Emsal Mahkeme Kararı İstanbul 6. Asliye Ticaret Mahkemesi 2020/296 E. 2021/651 K. 05.10.2021 T.

Görüntülediğiniz mahkeme kararı kesinleşmiş bir karardır.

T.C.
İSTANBUL
6. ASLİYE TİCARET MAHKEMESİ
ESAS NO : 2020/296 Esas
KARAR NO : 2021/651

DAVA : İtirazın İptali (Ticari Nitelikteki Komisyonculuk Sözleşmesinden Kaynaklanan)
DAVA TARİHİ : 23/06/2020
KARAR TARİHİ : 05/10/2021

Mahkememizde görülmekte olan İtirazın İptali (Ticari Nitelikteki Komisyonculuk Sözleşmesinden Kaynaklanan) davasının yapılan açık yargılaması sonunda,
GEREĞİ DÜŞÜNÜLDÜ -İSTEM /
Davacı vekili dava dilekçesinde ve özetle; müvekkili ile davalı şirket arasında imzalanan 26.11.2019 tarihli Protokol kapsamında alacağının bulunduğunu, alacağın tahsili için davalı aleyhine ….İcra Müdürlüğünün … esas sayılı dosyasında icra takibi başlatıldığını, ancak davalı şirketin takibe itiraz ettiğini, Protokol ile kazanılan komisyon tutarının 79.777,00 USD olduğunu belirterek davalı tarafından yapılan itirazın iptaline, borca karşı kötü niyetle itiraz edildiğinden %20 den aşağı olmamak üzere icra inkar tazminatına hükmedilmesine karar verilmesini talep ve dava etmiştir.
SAVUNMA /
Davalı vekili cevap dilekçesinde özetle; açılan davanın haksızlığını savunarak davanın reddine karar verilmesini talep etmiştir.
KANITLAR VE GEREKÇE /
Dava; İ.İ.K.nun 67. maddesi hükmüne dayalı olarak açılmış olup, yapılan ilamsız icra takibine karşı davalının vaki itirazının iptali ve icra inkar tazminatı ile sorumlu tutulması istemine ilişkindir.

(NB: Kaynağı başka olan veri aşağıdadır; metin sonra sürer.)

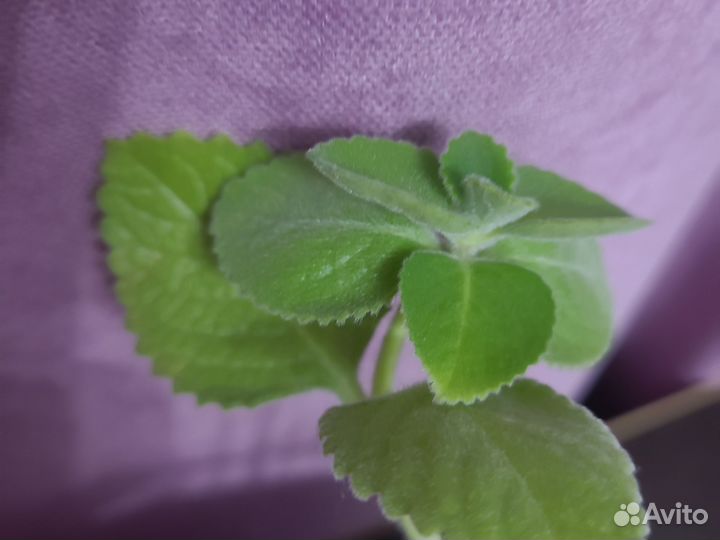 Цветок мята декоративная цветы комнатные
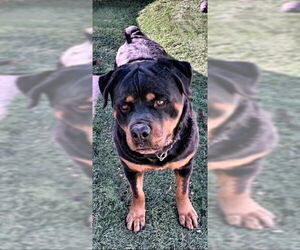 Gazan - Male Rottweiler Dog for Adoption - Photo #4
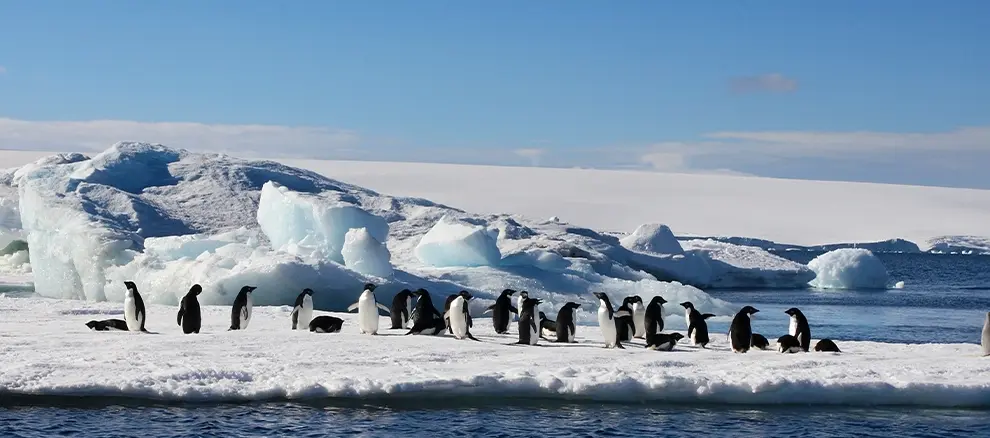 antarctica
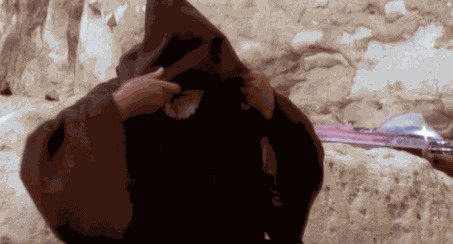 Miggles Hello GIF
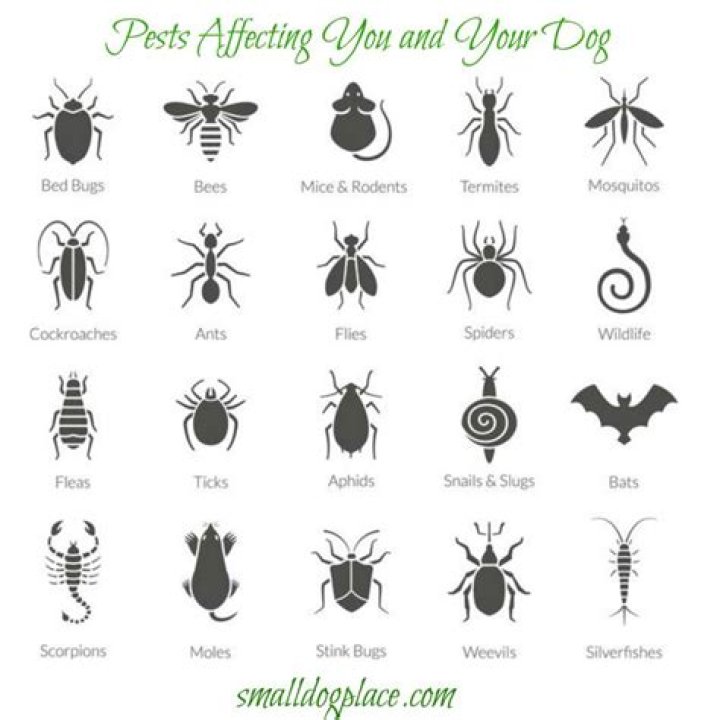 What bugs infest dogs?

… 1. İcra Müdürlüğü’nün … sayılı takip dosyası kapsamından; davacı tarafın davalı hakkında toplam 79.777,00-USD alacağın eklentileri ile birlikte ödetilmesi istemiyle ve ilamsız takip yoluyla icra takibinde bulunulduğu, takibe itiraz ve davanın süresinde olduğu tespit edilmiştir.
Taraflar arasında uyuşmazlık konusu olan hususlar, davacının 26/11/2019 tarihli protokol kapsamında davalıdan alacağının varlığı ve miktarı; davalının, protokol konusu teminat mektubu temini hususunda aracılık yapılması ediminin gereği gibi yerine getirilmediği savunmasının yerinde olup olmadığı, inkar ve kötü niyet tazminatı koşullarının oluşup oluşmadığı noktalarında toplandığı anlaşılmıştır.

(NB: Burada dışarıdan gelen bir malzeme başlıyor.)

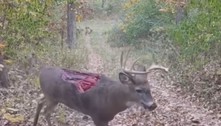 Vídeo misterioso e chocante mostra cervo sem um pedaço das costas
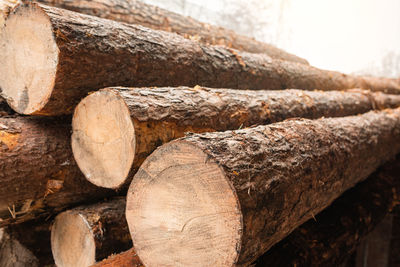 A pile of pine logs close up. pine logs background. timber industry.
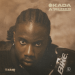 ALBUM: Tar1Q - Okada Airlines (EP)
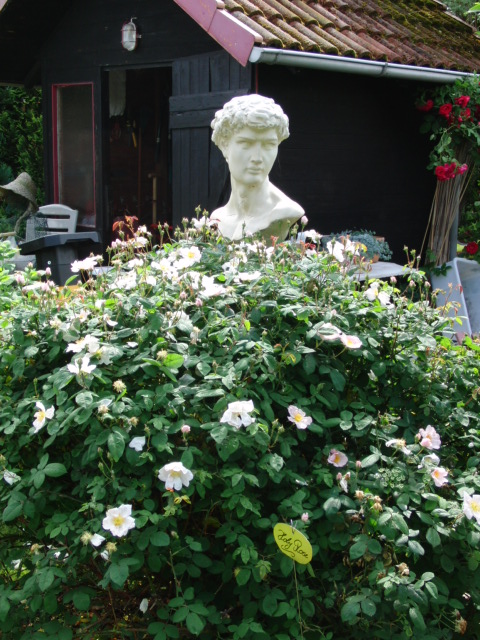 Kopf einer Skulptur mit Rosen vor der Brust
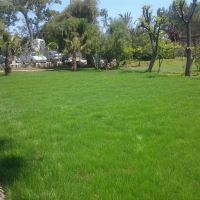 zena resort hotel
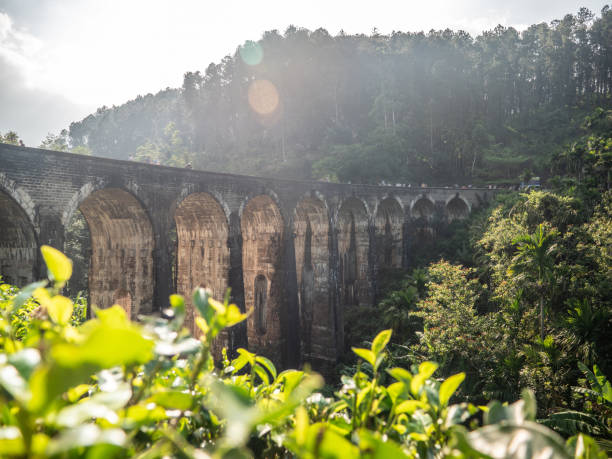 istock Nine arches Bridge in Sri Lanka at sunset 1262915237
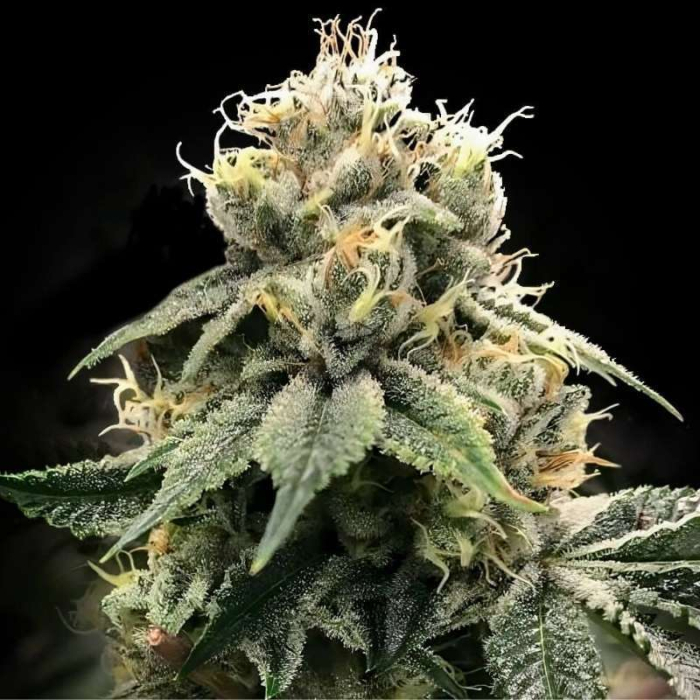 C.T.S Aka "Chocolate Truffle Shuffle" de DNA Genetics C.T.S Aka "Chocolate Truffle Shuffle" de DNA Genetics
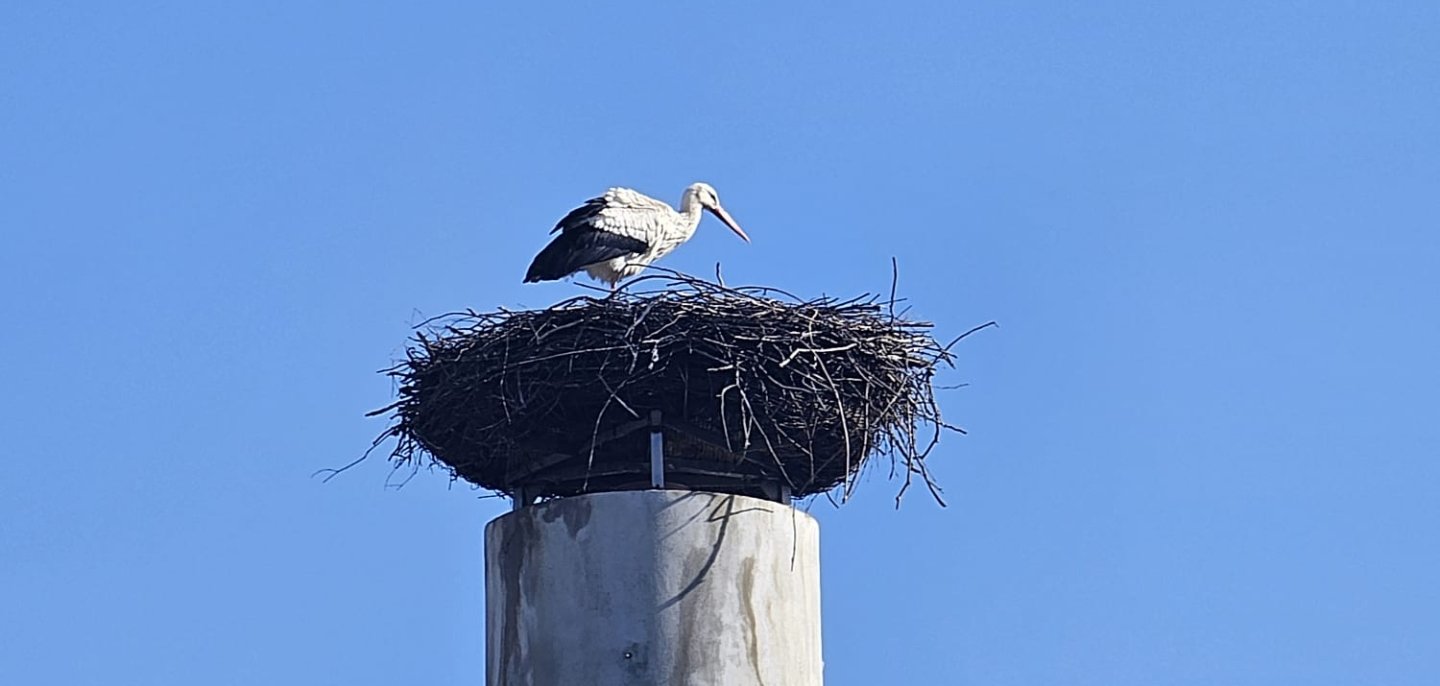 Das Bild zeigt einen Storch im Rehauer Horst stehend.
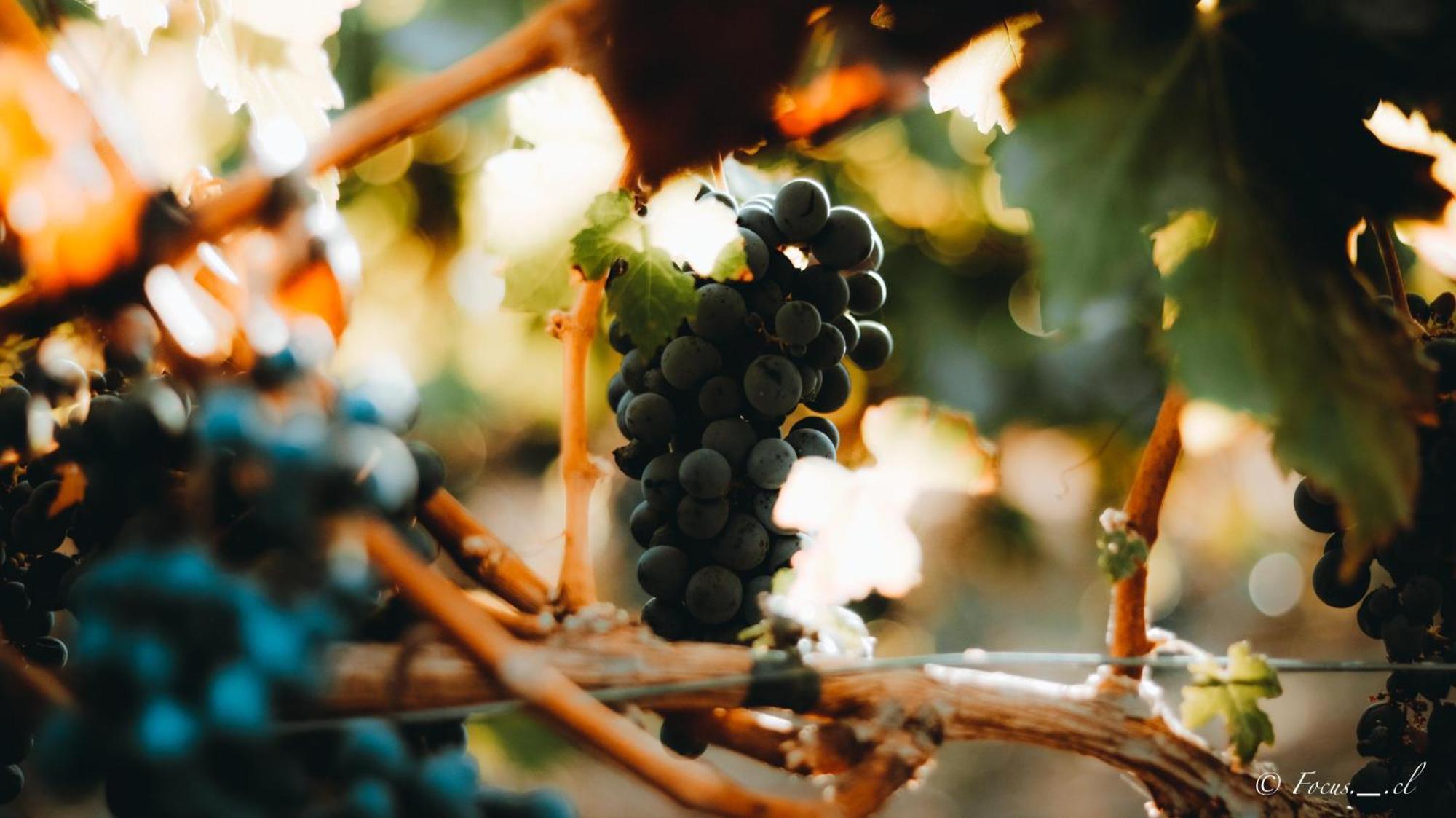 Hotel Boutique Raices De Colchagua サンタ・クルス エクステリア 写真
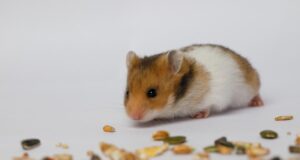 Хом’як щодня втікав із клітки: власниці довелося розслідувати причину за допомогою камери Хом’як-щодня-втікав-із-клітки:-власниці-довелося-розслідувати-причину-за-допомогою-камери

Taraf vekillerince dilekçeleri ekinde sundukları yabancı dildeki ve tercümesi sunulmamış tüm delillerin(dekont, swift, fatura, yazışma, vb) yeminli tercümelerinin dosyaya sunulması sağlanmış, dava konusu uyuşmazlıkta mahkememizin görevli olup olmadığının tespiti amacıyla davacının bağlı bulunduğu vergi dairesine ve sicil müdürlüklerine yazı yazılmasına karar verilmiştir.

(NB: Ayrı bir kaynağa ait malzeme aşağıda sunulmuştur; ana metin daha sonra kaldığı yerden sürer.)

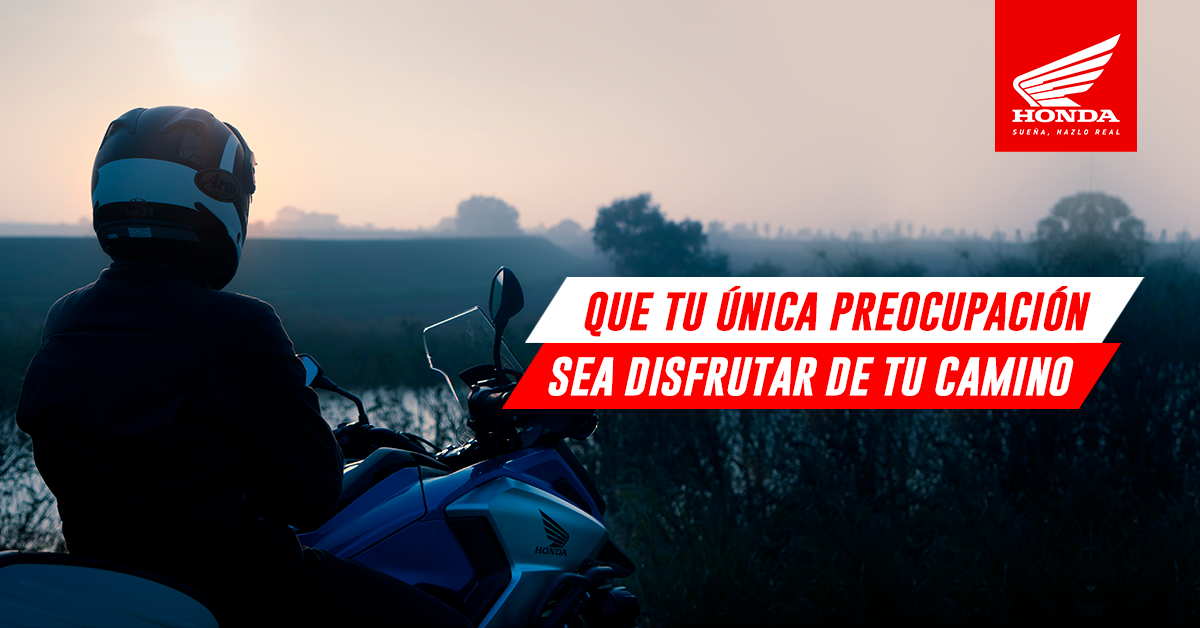Seguro de vida a deudores				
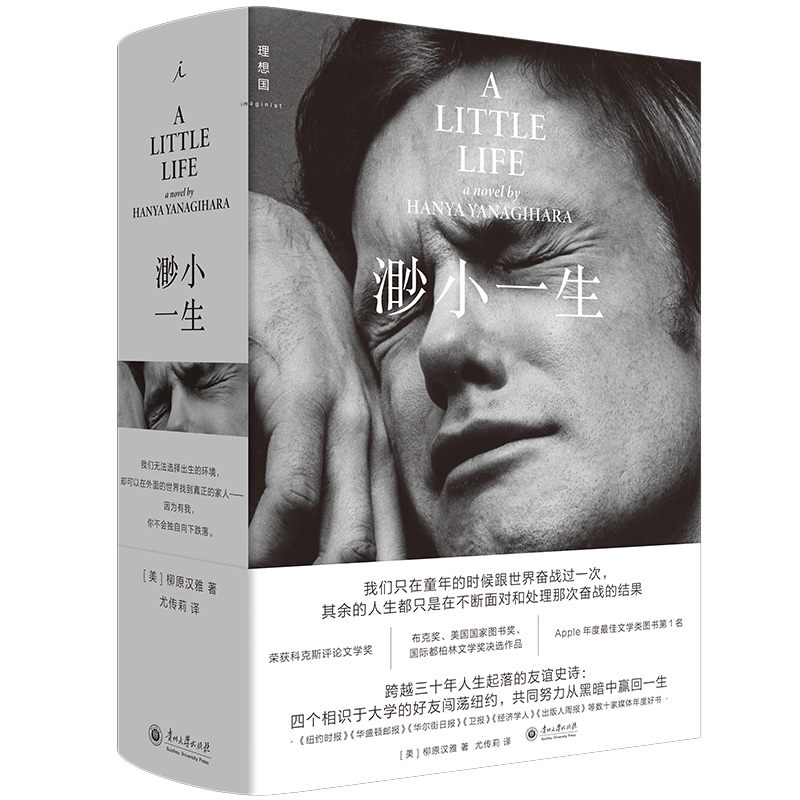 当当网 渺小一生（2025版）柳原汉雅 Apple年度文学类第1名四个好友三十年人生起落的友谊史诗 后现代大都市成人生活的种种新可能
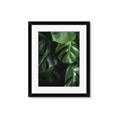 Picture of Greenleaf II _GroupedProduct_Rectangle_Portrait_Photography _GroupedProduct_Rectangle_Portrait_Framed_Matted_
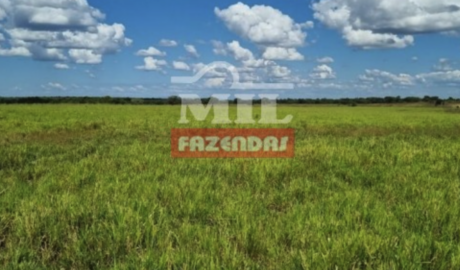 Fazenda em Conceição do Tocantins - Tocantins – Mil Fazendas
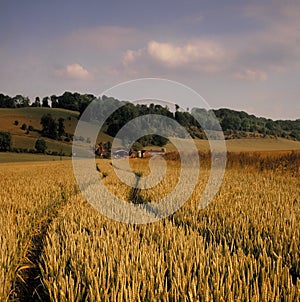 View across cornfield agricultural landscape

… Ticaret sicil Müdürlüğü’nce davacının gerçek kişi tacir kaydının bulunmadığının bildirildiği anlaşılmıştır.
… Vergi Dairesin’ce davacının … ve … Vergi Dairelerinde mükellefiyet kaydının bulunduğunun, … Vergi Dairesi’nde doğrudan vergi mükellefiyet kaydının bulunmadığının, Mecidiyeköy ve Beşiktaş Vergi dairelerinde davacının ortağı ve yetkilisi olduğu şirketlerin kaydının bulunduğunun bildirildiği anlaşılmıştır.
… Liman Vergi Dairesi’nce davacının 16/06/2004-30/10/2008 tarihleri arasında faal olduğunun, bu tarihten sonra faaliyetinin bulunmadığının, faal olduğu dönemde de gerçek usulde ikinci sınıf mükellef olup işletme esasına göre defter tuttuğunun bildirildiği anlaşılmıştır.
… Vergi Dairesi’nce davacının 29/06/2001-15/09/2001 tarihleri arasında gerçek usulde ticari kazanç yönünden gelir vergisi mükellefi olduğunun, tarh dosyasında ilgili dönem beyannamelerinin zamanaşımı süresinin dolması nedeniyle imha edildiğinin bildirildiği anlaşılmıştır.
Mahkememizce görev konusunda değerlendirme yapılabilmesi için yazılan yazı cevapları beklenirken usul ekonomisi de gözetilerek; tarafların iddia ve savunmaları ile tüm dosya kapsamına göre, ön inceleme duruşmasında tespit edilen uyuşmazlıkların halli, davacının taraflar arasındaki protokol kapsamında edimini yerine getirip getirmediği ve bu kapsamda alacağının varlığı ve miktarının tespiti için dosya üzerinde Uluslararası Bankacılık ve Finans alanlarında uzman bilirkişi marifetiyle GÜNSÜZ olarak bilirkişi incelemesi yapılmasına karar verilmiştir.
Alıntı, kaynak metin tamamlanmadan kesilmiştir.